In this blog post, we are going to demystify a travis.yml file. For reference, we will be using the travis configuration used in the  SUSI skill CMS project. But before delving into it, I would like to just give a brief introduction about Continuous Integration (CI) and Travis CI.

What is CI and Travis ?

Continuous Integration represents the practice of integrating a piece of work as early as possible instead of later so that one can receive immediate and frequent feedback on things that are wrong.

“ Continuous Integration is the practice of merging all developer working copies to a shared mainline several times a day.

-Wikipedia

Travis CI is a hosted continuous integration platform that is free for all open source projects hosted on Github.

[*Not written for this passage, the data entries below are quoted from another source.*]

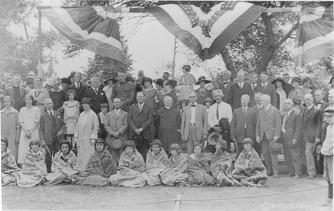 July 1924 Dedication Attendees
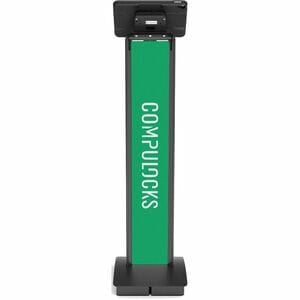 Compulocks PowerMove Suporte para tablet PC - Até 27,7 cm (10,9") Suporte de ecrã - Piso, Freestanding - Alumínio - Preto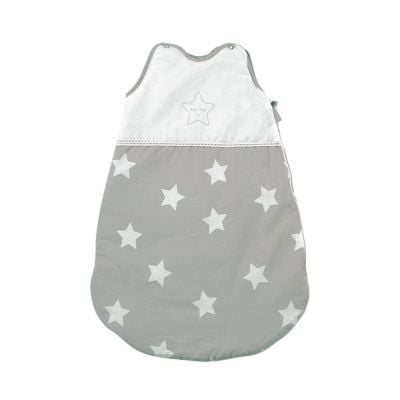 N00001496_001 3800166114965 Sac de dormit de vara, Lorelli, 0-6 luni, Stars Grey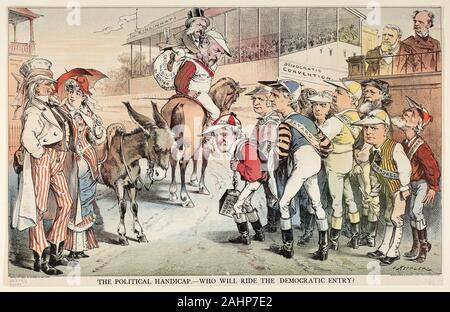 Josef Keppler. Die politische Vorgabe, von Puck. 1858 - 1894. In den Vereinigten Staaten. Farblithographie auf Zeitungspapier Stockfoto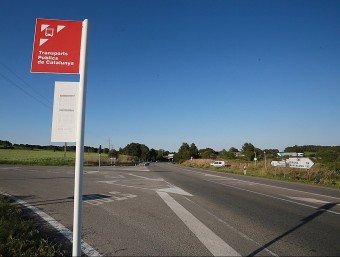 Les cruïlles de Pontós (a la imatge) i Garrigàs seran substituïdes per dues rotondes elevades a cada intersecció amb un pont per sobre l'N-II MANEL LLADÓ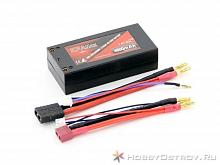Аккумулятор VANT Battery Li-Po 4600мАч 7.4V 60C 2S Короткий (кабели TRX, T-Plug)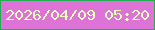 文字の大きさ：2、枠の色：21ae52、背景の色：dd73d6、文字の色：effdbf 無料ブログパーツのブログ時計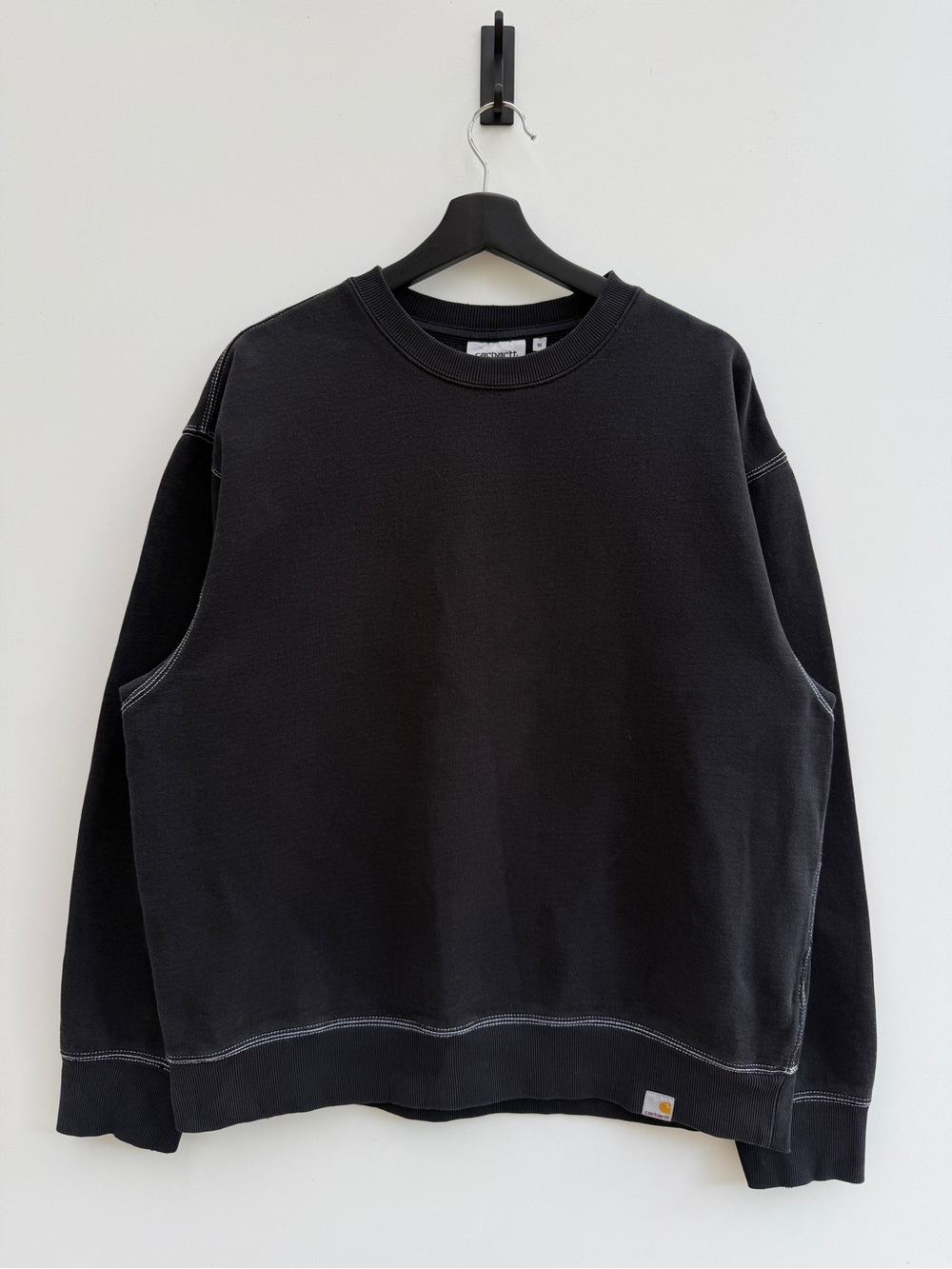 Carhartt WIP Nebraska Long Sleeve Crewneck Sweatshirt Mens Medium Black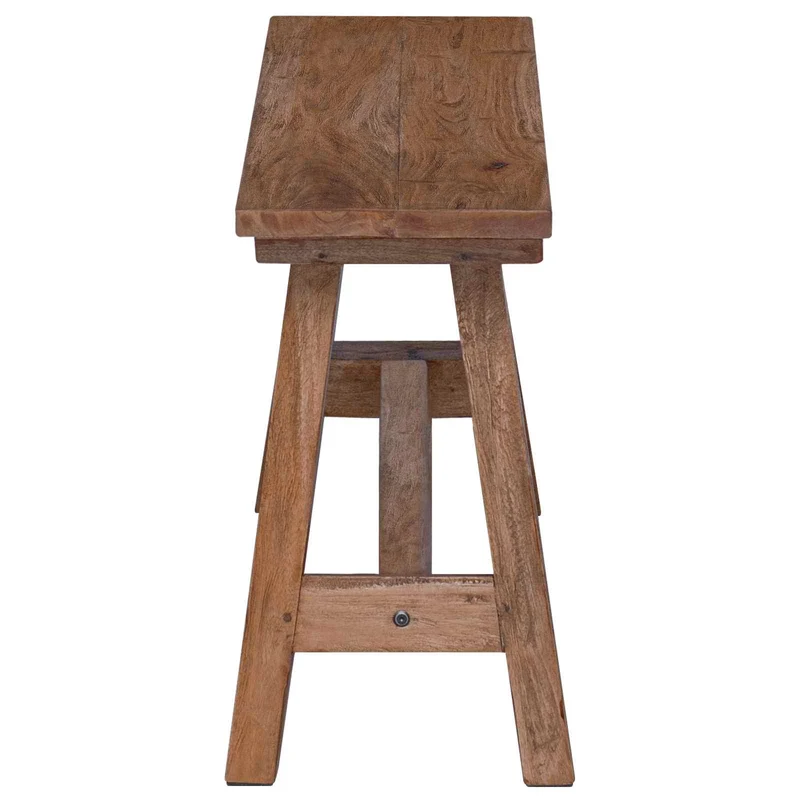 Bench Natural 92 x 23.5 x 45.5 cm Solid Mahogany wood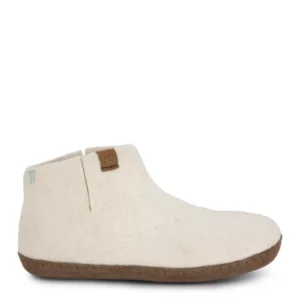 Green Comfort Green Comfort Uniseks Hoge Wollen Pantoffel Wit
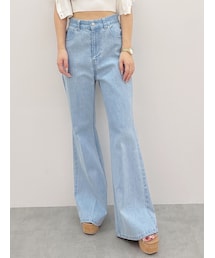 MERCURYDUO | ブーツカットデニムパンツ(デニムパンツ)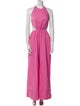 Staud Halterneck Long Dress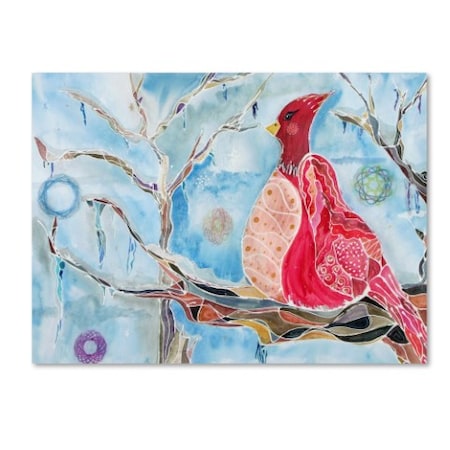 Lauren Moss 'Winter Bird' Canvas Art,14x19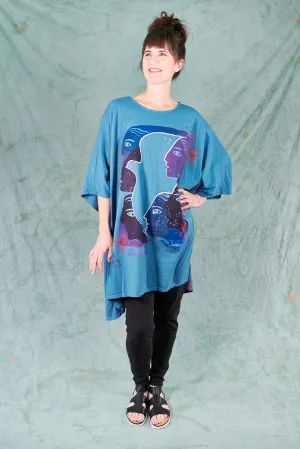 1255 Art Tunic Delft Blue-Images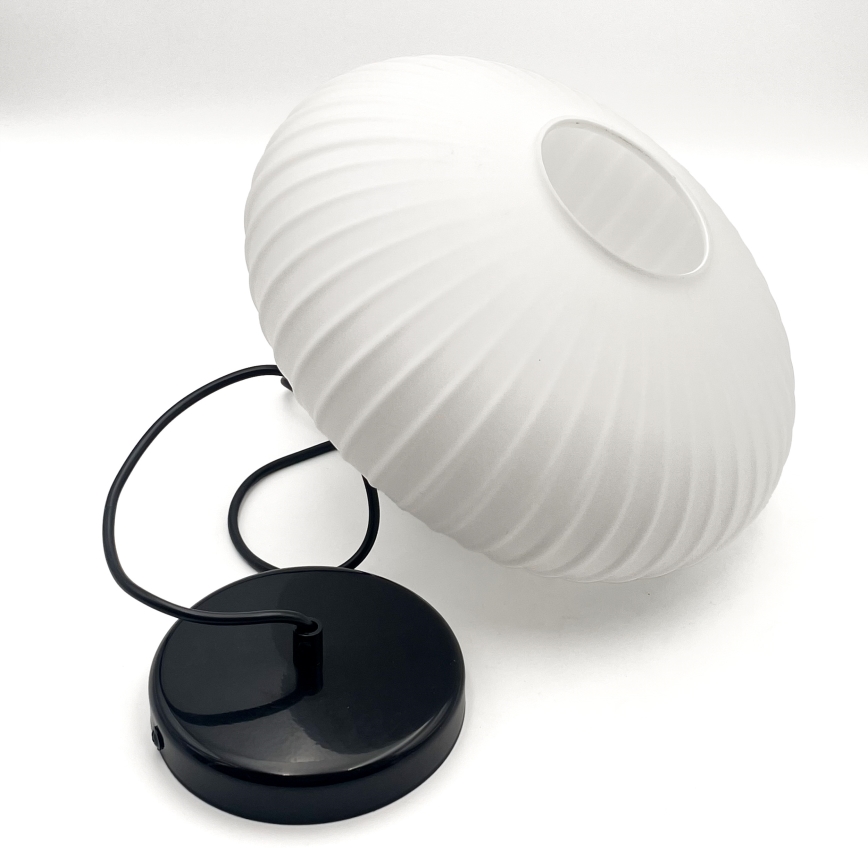 Підвісна люстра HARMA 1xE27/15W/230V діаметр 30 см білий/чорний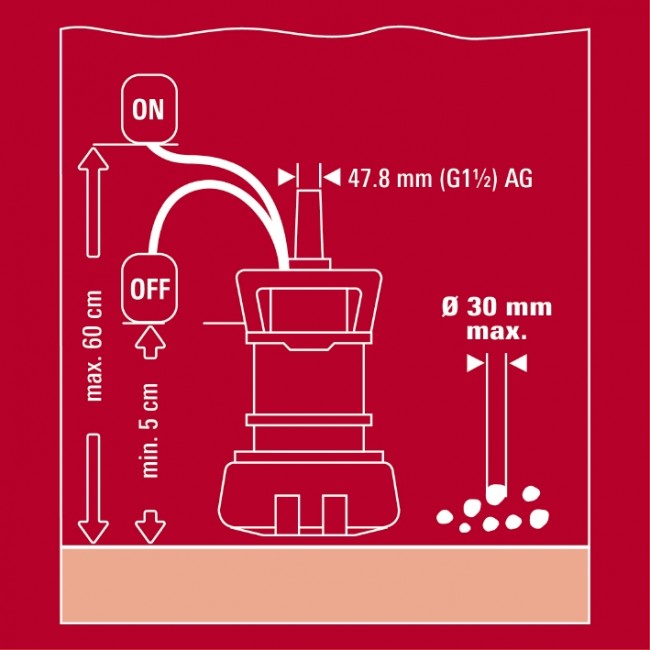 Насос для брудної та чистої води Einhell GE-DP 7330 LL ECO (4170790) Насос для брудної та чистої води Einhell GE-DP 7330 LL ECO (4170790)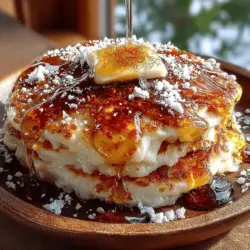 Fluffy Maple Cinnamon Pancakes: A Delicious Breakfast Delight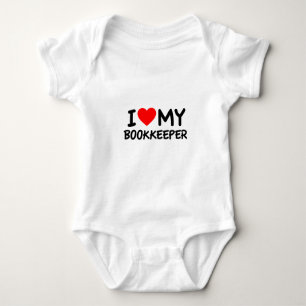 I love my bookkeeper baby bodysuit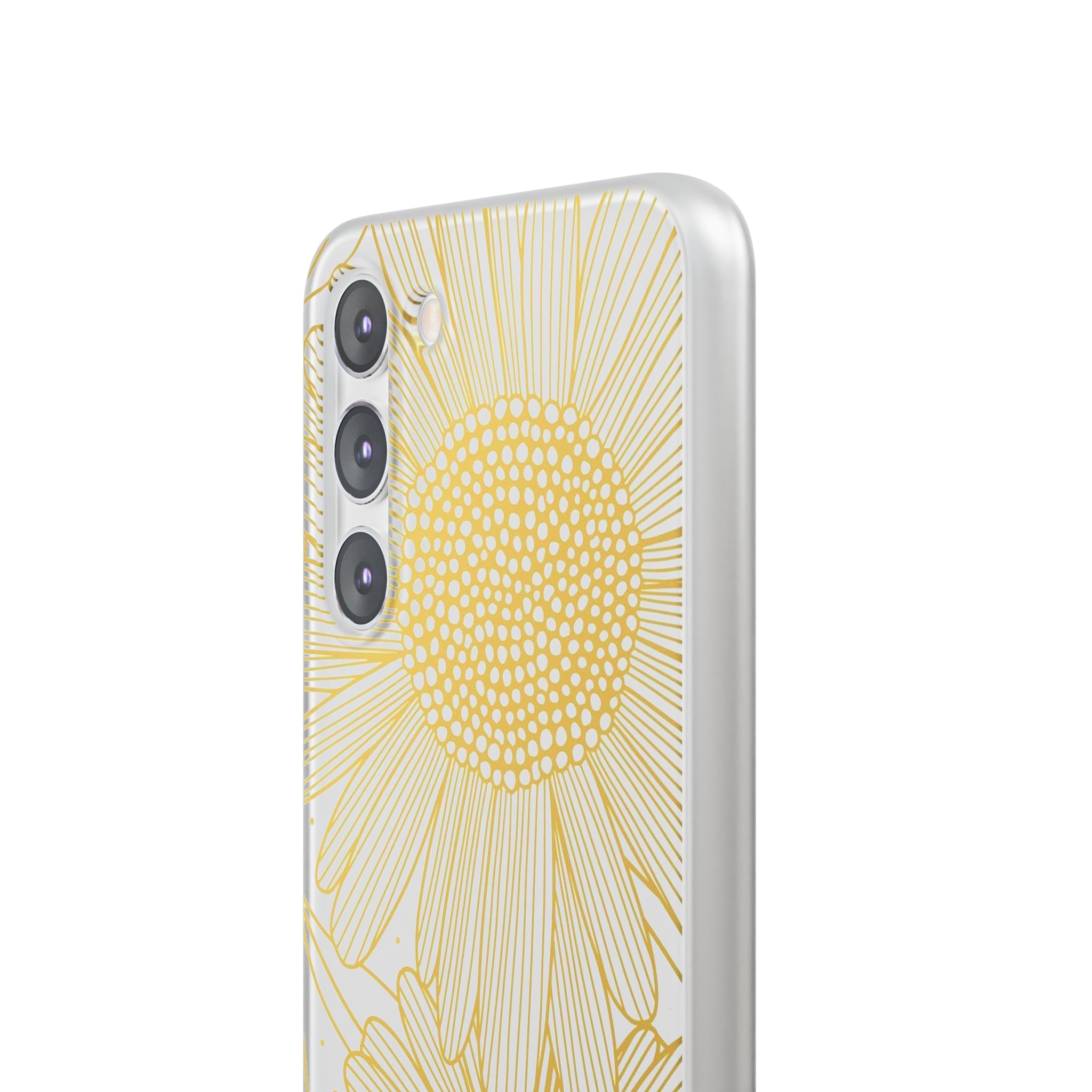 Fleur de soleil blanche Slim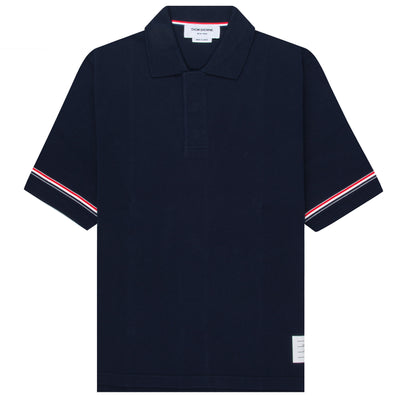 Thom Browne Rugby Fit SS Polo Navy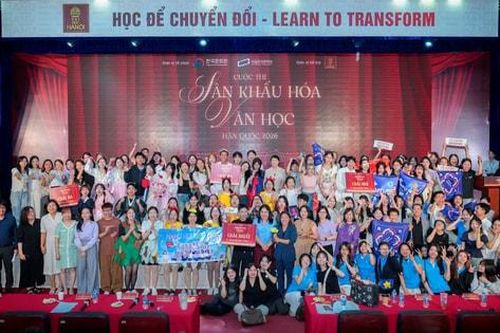 Hơn 200 sinh viên tham gia Cuộc thi diễn kịch văn học Hàn Quốc lần thứ 4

With just a file called .travis.yml containing some information about our project, we can trigger automated builds with every change to our code base in the master branch, other branches or even a pull request.

sudo: required
dist: trusty
language: node_js

node_js:
  - 6

script:
  - npm test

after_success:
 - bash ./pr_deploy.sh
 - bash ./deploy.sh

cache:
  directories:
    - node_modules

branches:
  only:
    - master

Travis configuration file of susi_skill_cms

Part-wise explanation of the file

  • When specifying sudo: required, Travis CI runs each build in an isolated Google Compute Engine virtual machine that offer a vanilla build environment for every build. This has the advantage that no state persists between builds, offering a clean slate and making sure that the tests run in an environment built from scratch. Builds have access to a variety of services for data storage and messaging, and can install anything that’s required for them to run.
  • The keyword dist represents the virtualization environment that is being used. trusty here refers to the distribution of the Linux environment used.
  • The keyword language represents the programming language that is be used for the project. The language used for the project is nodeJs.
  • Then follows the version details of node_js that is to be used. The node_js version used is 6.
  • This is the step where Travis runs the test script. Unless otherwise specified, it runs the default for the set language. In the case of node, it does node_js. The script stands for the build script that would be executed during the build process. The default build script for nodeJs is npm test. The result of execution of npm test can be found from the package.json file. It executes the npm run lint && react-scripts test –env=jsdom command, which is responsible for checking the linting issues and runs various unit and snapshot tests. We can add multiple lines of command to be executed.
  • The after_success block runs after the entire script is done. It’s the last step in the normal build process has been executed successfully. It has 2 commands to be executed –
    • bash ./pr_deploy.sh : Responsible for making a surge deployment of each PR
    • bash ./deploy.sh : Responsible for making a deployment to master branch
  • Travis CI can cache content that does not often change, to speed up the build process. The cache setting caches the node_modules directory, without the need to install the dependencies repeatedly.
  • We can specify certain branches to run, either by specifying a white list (using only keyword) or a black list (using except keyword). Here, the configuration mentions to run the build only for PRs to master branch.